Dosen hukum pidana dari Universitas Udayana itu menjelaskan, hal itu karena dua pasal yang didakwakan kepada Ahok menurut Gusti sangat tidak tepat karena tidak mengenai substansi kasus penodaan agama.
"Ada dua pasal alternatif yang dikenakan. Pertama pasal 156 jelas-jelas kasus penodaan hanya ditujukan bagi golongan dan bukan soal agama," ujarnya dalam sidang lanjutan ke-16 yang digelar di Kementerian Pertanian, Jalan Harsono, Ragunan, Jakarta Selatan, Rabu (29/3) sebagai saksi ahli pidana.
Kemudian, sambung Gusti, untuk dakwaan pasal alternatif yakni pasal 156a KUHP pun menurutnya tak bisa mengenai substansi. Karena, bila ditarik sisi historisnya, pasal 156a KUHP digunakan untuk menghindari perpecahan.
"Pasal itu untuk menghindari hadirnya kepercayaan-kepercayaan baru di Indonesia pada masa itu (dikeluarkan pasal 156a). Jadi dakwaannya tidak jelas dan tak dapat diterima," katanya.
Selain itu, seharusnya ada tindakan preventif yang dilakukan pemerintah, sebelum menetapkan Ahok sebagai terdakwa. "Harusnya Ahok bisa dikenakan Undang Undang 1nomor 1 PNPS tahun 1995," ucapnya.

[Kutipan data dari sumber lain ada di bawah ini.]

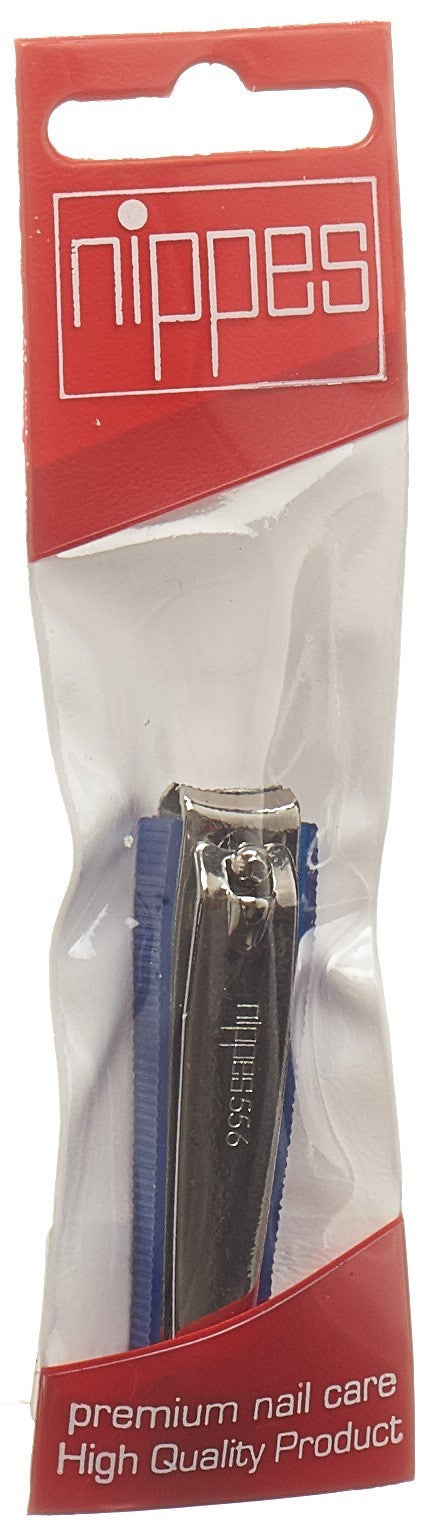 NIPPES Nagelknipser klein Nagelfang vernick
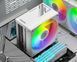 Кулер процесорний ID-Cooling Frozn A410 SE ARGB White 568449 фото 9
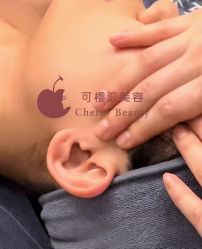 -可樱汇·美容洗发SPA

Gusti menjelaskan, di dalam UU tersebut diamanatkan bahwa pejabat publik hendaknya mendapat teguran terlebih dahulu ketika tersandung masalah tindak pidana. "Harusnya diselesaikan dengan ketentuan prosedur yang ada. Tapi ini tidak, langsung pakai hukum," jelasnya.